Pada masa Sultan Ageng antara 1663 dan 1667 pekerjaan pengairan besar dilakukan untuk
mengembangkan pertanian. Antara 30 dan 40 km kanal baru dibangun dengan menggunakan
tenaga sebanyak 16 000 orang. Di sepanjang kanal tersebut, antara 30 dan 40 000 ribu hektare
sawah baru dan ribuan hektare perkebunan kelapa ditanam. 30 000-an petani ditempatkan di atas
tanah tersebut, termasuk orang Bugis dan Makasar. Perkebunan tebu, yang
didatangkan saudagar Cina pada tahun 1620-an, dikembangkan. Di bawah Sultan Ageng,
perkembangan penduduk Banten meningkat signifikan.
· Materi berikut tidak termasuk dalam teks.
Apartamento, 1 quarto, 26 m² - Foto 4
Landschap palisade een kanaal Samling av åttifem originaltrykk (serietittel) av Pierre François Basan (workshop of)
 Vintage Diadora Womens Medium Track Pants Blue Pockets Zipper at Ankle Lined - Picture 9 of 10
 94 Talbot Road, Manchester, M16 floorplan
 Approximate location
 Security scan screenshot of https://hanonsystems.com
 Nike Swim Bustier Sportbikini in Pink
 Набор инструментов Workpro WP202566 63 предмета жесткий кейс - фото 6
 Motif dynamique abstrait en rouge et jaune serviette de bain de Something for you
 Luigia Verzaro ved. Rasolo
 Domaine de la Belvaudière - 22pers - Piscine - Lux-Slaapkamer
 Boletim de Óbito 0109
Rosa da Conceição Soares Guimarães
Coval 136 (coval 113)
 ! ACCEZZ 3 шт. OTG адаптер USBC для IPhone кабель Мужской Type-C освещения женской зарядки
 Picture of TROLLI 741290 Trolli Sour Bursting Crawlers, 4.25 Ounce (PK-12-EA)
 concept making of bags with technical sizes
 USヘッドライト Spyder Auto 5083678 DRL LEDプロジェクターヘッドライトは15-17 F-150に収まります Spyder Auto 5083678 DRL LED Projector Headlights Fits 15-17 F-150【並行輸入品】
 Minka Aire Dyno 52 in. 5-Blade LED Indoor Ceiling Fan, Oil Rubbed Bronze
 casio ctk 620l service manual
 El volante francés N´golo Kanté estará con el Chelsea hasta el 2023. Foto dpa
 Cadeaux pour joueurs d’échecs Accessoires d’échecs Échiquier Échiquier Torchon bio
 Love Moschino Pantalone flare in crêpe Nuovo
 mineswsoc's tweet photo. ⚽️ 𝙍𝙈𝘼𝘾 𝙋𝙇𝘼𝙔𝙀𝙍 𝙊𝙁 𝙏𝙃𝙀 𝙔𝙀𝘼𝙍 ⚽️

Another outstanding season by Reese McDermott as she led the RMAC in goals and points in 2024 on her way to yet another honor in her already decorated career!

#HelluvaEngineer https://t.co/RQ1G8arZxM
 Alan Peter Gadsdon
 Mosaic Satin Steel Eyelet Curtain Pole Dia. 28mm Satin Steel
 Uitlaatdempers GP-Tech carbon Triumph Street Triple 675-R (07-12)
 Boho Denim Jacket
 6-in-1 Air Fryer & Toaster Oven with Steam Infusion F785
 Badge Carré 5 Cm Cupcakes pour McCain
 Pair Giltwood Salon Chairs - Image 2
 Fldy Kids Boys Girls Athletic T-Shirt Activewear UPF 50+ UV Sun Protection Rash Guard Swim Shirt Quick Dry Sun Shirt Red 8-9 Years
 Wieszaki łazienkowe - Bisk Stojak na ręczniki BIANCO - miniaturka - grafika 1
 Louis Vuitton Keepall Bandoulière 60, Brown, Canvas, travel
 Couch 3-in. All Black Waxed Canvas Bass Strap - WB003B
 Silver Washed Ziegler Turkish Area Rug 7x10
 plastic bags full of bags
Tak dapat dimungkiri sampai pada tahun 1678, Banten telah menjadi kota metropolitan, dengan
jumlah penduduk dan kekayaan yang dimilikinya menjadikan Banten sebagai salah satu kota
terbesar di dunia pada masa tersebut.[22]

Kepercayaan pada masa kerajaan islam di indonesia:


Berdasarkan data arkeologis, masa awal masyarakat Banten dipengaruhi oleh beberapa kerajaan
yang membawa keyakinan Hindu-Budha, seperti Tarumanagara, Sriwijaya dan Kerajaan Sunda.
Dalam Babad Banten menceritakan bagaimana Sunan Gunung Jati bersama Maulana Hasanuddin,
melakukan penyebaran agama Islam secara intensif kepada penguasa Banten Girang beserta
penduduknya. Beberapa cerita mistis juga mengiringi proses islamisasi di Banten, termasuk ketika
pada masa Maulana Yusuf mulai menyebarkan dakwah kepada penduduk pedalaman Sunda, yang
ditandai dengan penaklukan Pakuan Pajajaran.
Islam menjadi pilar pendirian Kesultanan Banten, Sultan Banten dirujuk memiliki silsilah sampai
kepada Nabi Muhammad, dan menempatkan para ulama memiliki pengaruh yang besar dalam
kehidupan masyarakatnya, seiring itu tarekat maupun tasawuf juga berkembang di Banten.
Sementara budaya masyarakat menyerap Islam sebagai bagian yang tidak terpisahkan. Beberapa
tradisi yang ada dipengaruhi oleh perkembangan Islam di masyarakat, seperti terlihat pada
kesenian bela diri Debus.
Kadi memainkan peranan penting dalam pemerintahan Kesultanan Banten, selain
bertanggungjawab dalam penyelesaian sengketa rakyat di pengadilan agama, juga dalam
penegakan hukum Islam seperti hudud.
Toleransi umat beragama di Banten, berkembang dengan baik. Walau didominasi oleh muslim,
namun komunitas tertentu diperkenankan membangun sarana peribadatan mereka, di mana sekitar
tahun 1673 telah berdiri beberapa klenteng pada kawasan sekitar pelabuhan Banten.